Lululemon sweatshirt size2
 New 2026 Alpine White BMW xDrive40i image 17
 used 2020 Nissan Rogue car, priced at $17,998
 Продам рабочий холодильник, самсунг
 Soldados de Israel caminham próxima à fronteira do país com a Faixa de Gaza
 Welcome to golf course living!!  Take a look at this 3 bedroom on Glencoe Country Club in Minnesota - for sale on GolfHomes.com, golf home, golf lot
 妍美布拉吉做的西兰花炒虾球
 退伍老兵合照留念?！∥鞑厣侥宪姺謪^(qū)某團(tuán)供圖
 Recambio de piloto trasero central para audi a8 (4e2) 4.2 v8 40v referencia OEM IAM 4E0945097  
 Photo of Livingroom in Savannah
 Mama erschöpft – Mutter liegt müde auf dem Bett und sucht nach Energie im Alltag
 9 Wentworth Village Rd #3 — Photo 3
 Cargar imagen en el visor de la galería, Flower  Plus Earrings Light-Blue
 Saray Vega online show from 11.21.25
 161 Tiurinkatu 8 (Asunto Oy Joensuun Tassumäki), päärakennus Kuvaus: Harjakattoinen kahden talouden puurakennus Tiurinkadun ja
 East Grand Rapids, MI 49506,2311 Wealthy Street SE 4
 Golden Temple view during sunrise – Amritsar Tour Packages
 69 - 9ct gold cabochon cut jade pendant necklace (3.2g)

= WORK INSTRUCTIONS =
From the listing, copy each line containing the word "Photo".

= SOLUTION TO THE PROBLEM =
 Photo of Livingroom in Savannah
 9 Wentworth Village Rd #3 — Photo 3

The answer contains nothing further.